- _ASSIGNMENT_:
Below this line is a listing that includes pictures. Copy exactly, and only, the lines from the one containing "Townhouse - 3" through the one containing "Wink Naturals Calming"; the pictures do not go in the copy.

═══ MATERIAL FOR THIS TASK

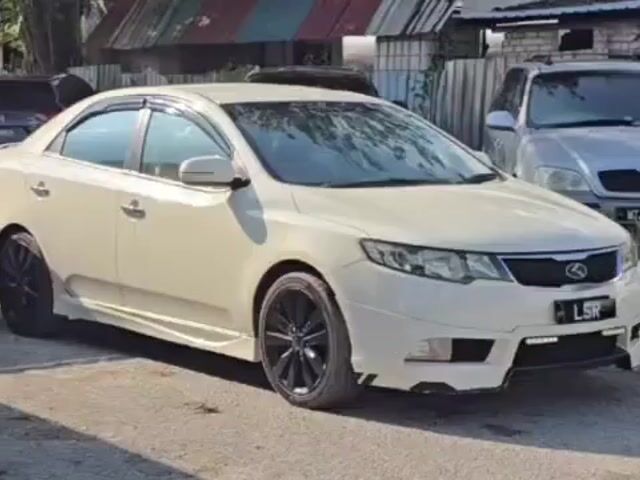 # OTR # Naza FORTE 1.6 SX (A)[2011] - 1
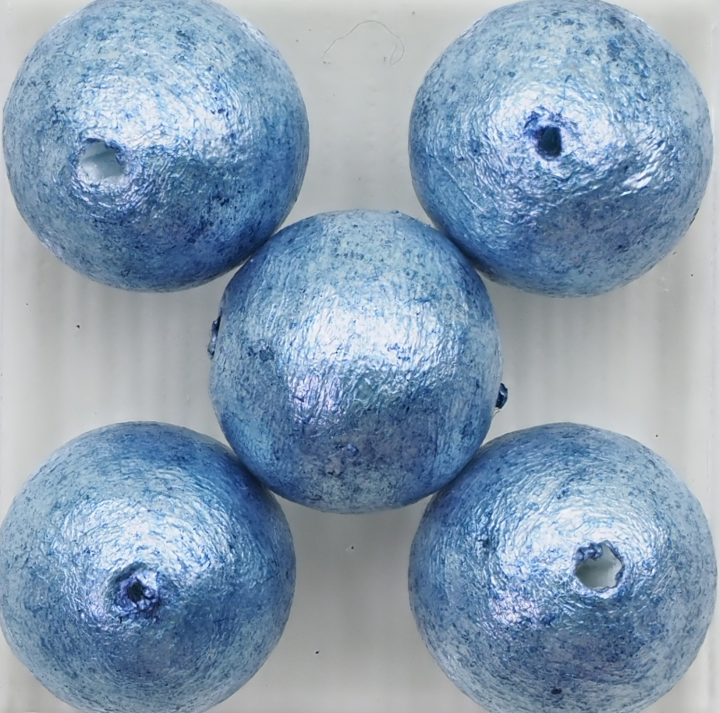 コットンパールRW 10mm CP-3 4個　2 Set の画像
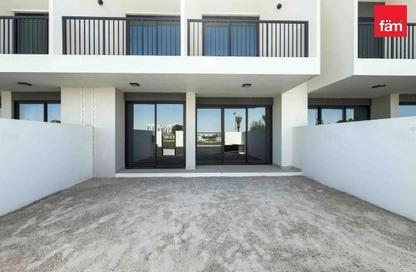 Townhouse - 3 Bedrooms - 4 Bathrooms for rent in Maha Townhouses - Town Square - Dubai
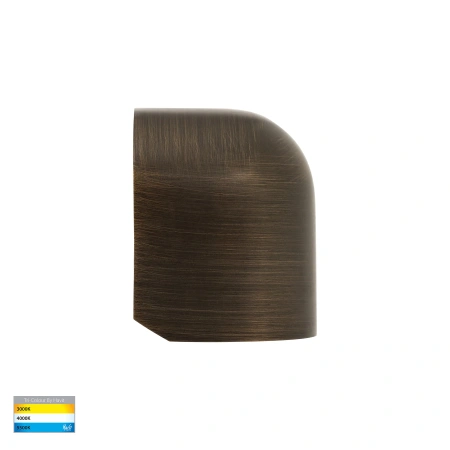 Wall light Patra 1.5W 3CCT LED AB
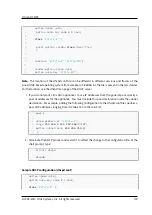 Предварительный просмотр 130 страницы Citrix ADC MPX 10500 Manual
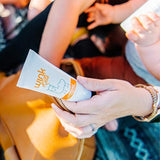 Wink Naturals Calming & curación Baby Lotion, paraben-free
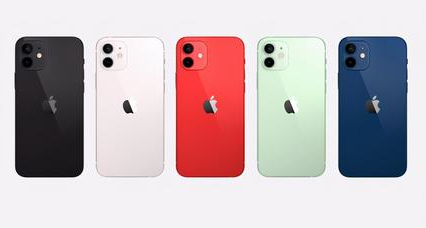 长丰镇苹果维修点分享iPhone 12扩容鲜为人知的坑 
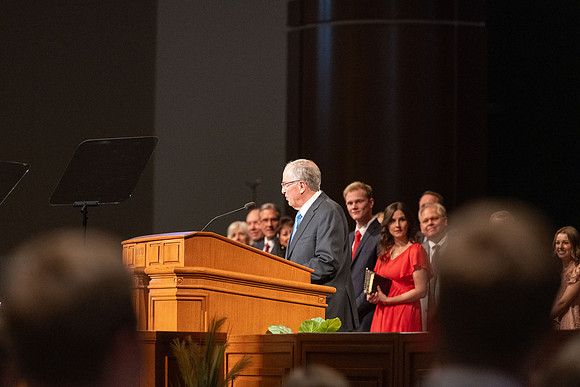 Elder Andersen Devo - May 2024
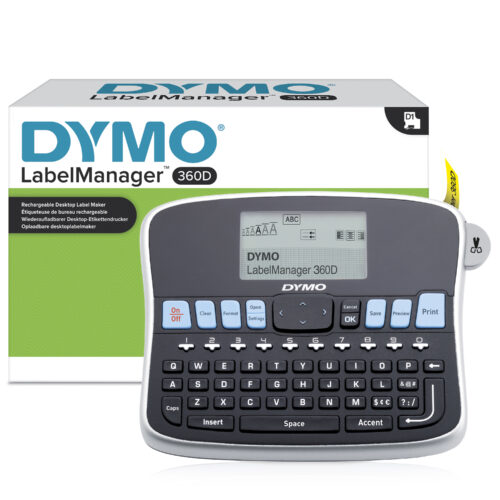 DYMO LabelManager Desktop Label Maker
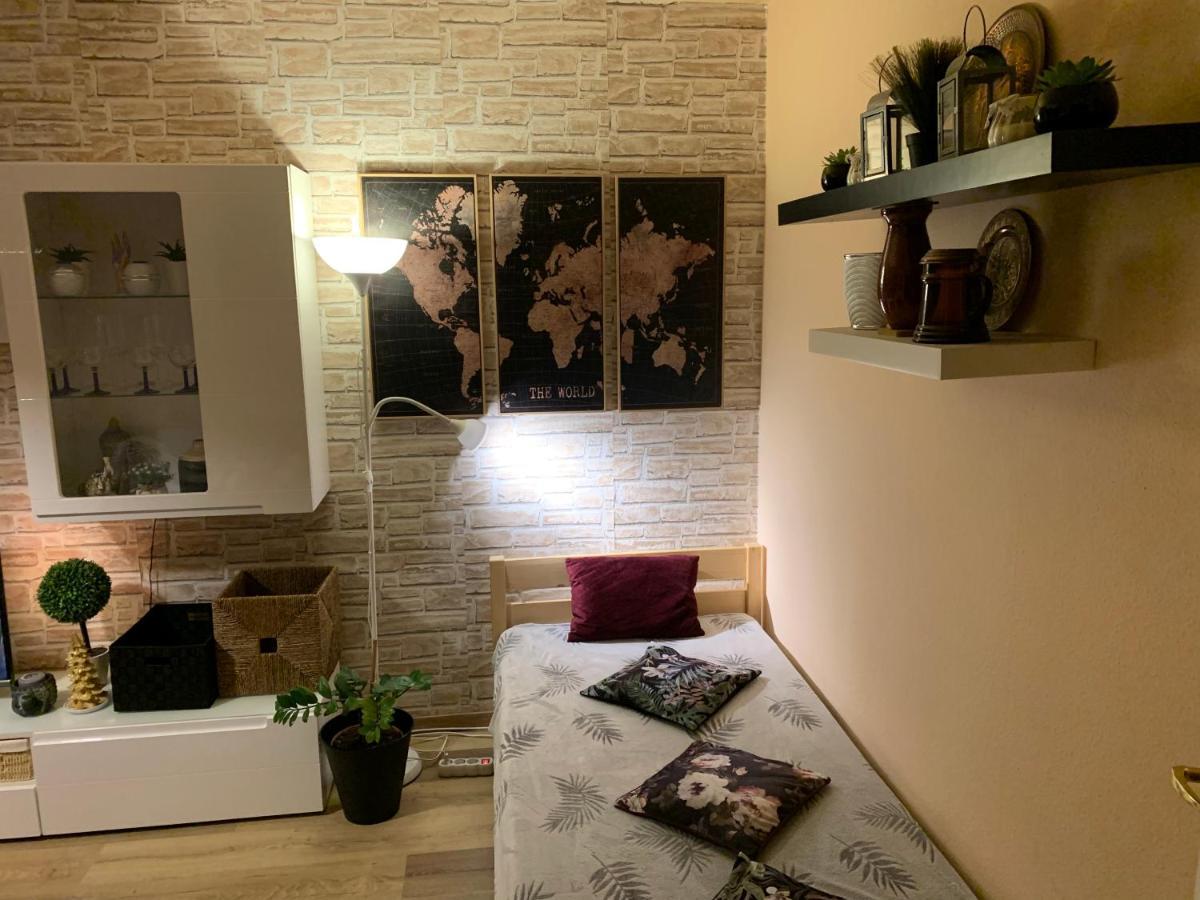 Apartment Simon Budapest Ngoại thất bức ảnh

══════
═══ MATERIAL FOR THIS TASK

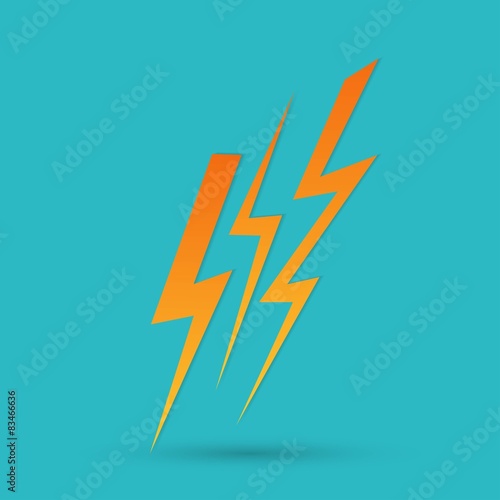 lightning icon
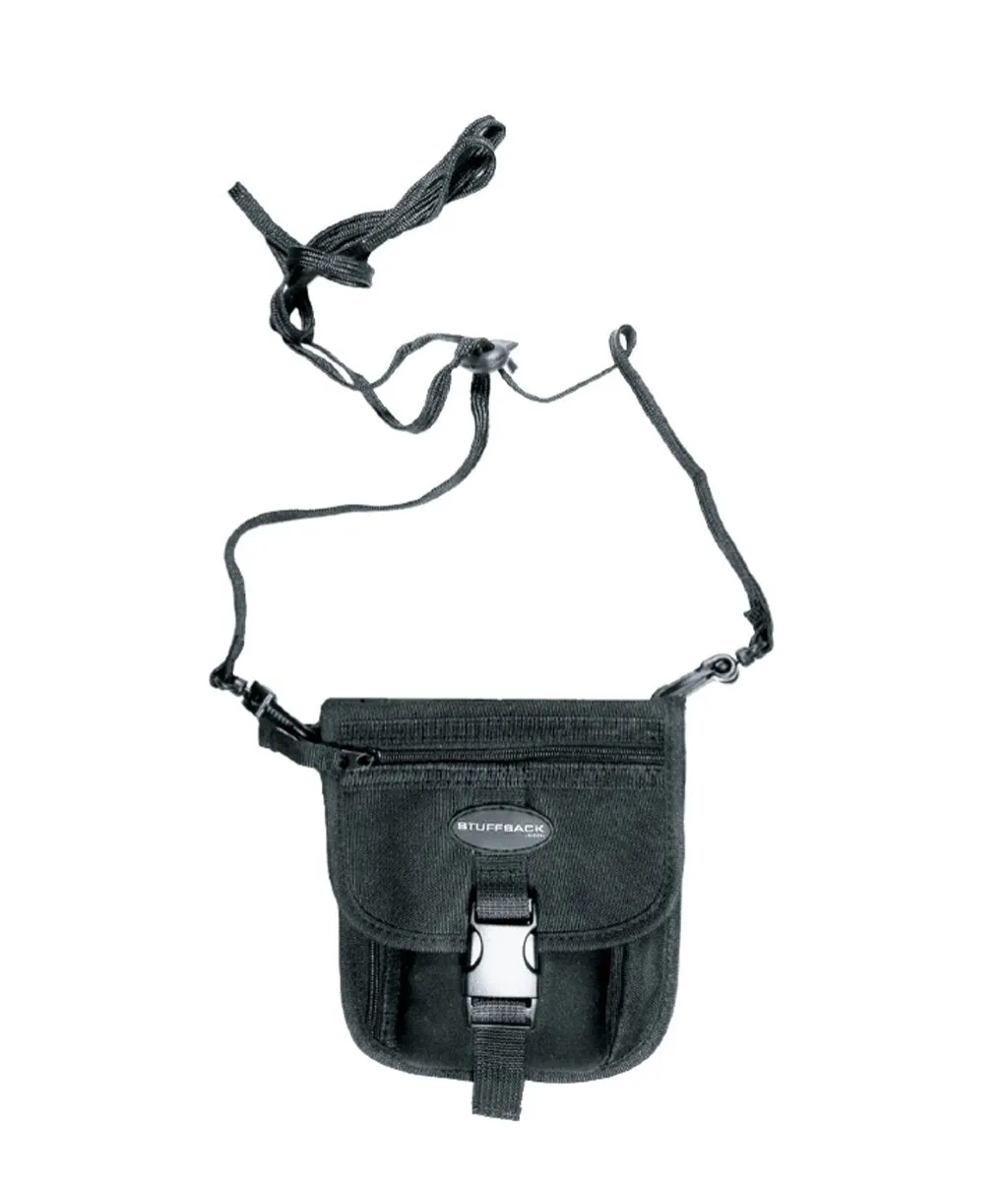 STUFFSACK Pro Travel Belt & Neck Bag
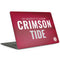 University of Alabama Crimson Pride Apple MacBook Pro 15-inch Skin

══════
═══ MATERIAL FOR THIS TASK

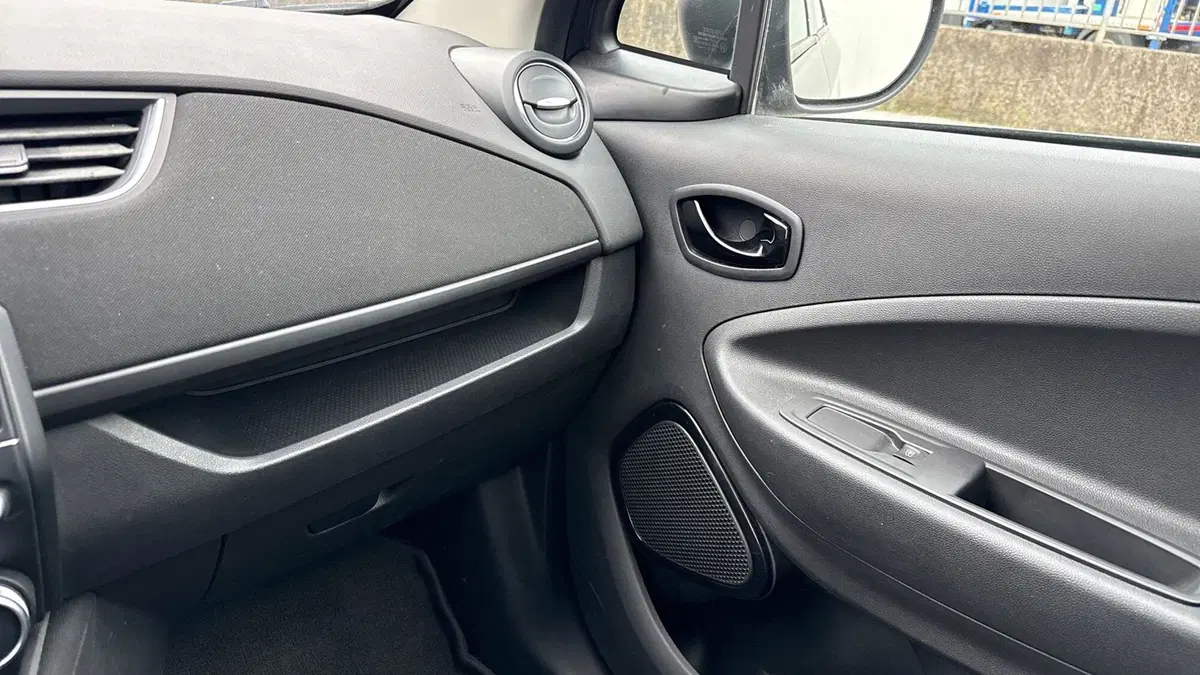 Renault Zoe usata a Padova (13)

══════

- _TASK RESPONSE_:
 Townhouse - 3 Bedrooms - 4 Bathrooms for rent in Maha Townhouses - Town Square - Dubai
 Wall light Patra 1.5W 3CCT LED AB
 Предварительный просмотр 130 страницы Citrix ADC MPX 10500 Manual
 Wink Naturals Calming & curación Baby Lotion, paraben-free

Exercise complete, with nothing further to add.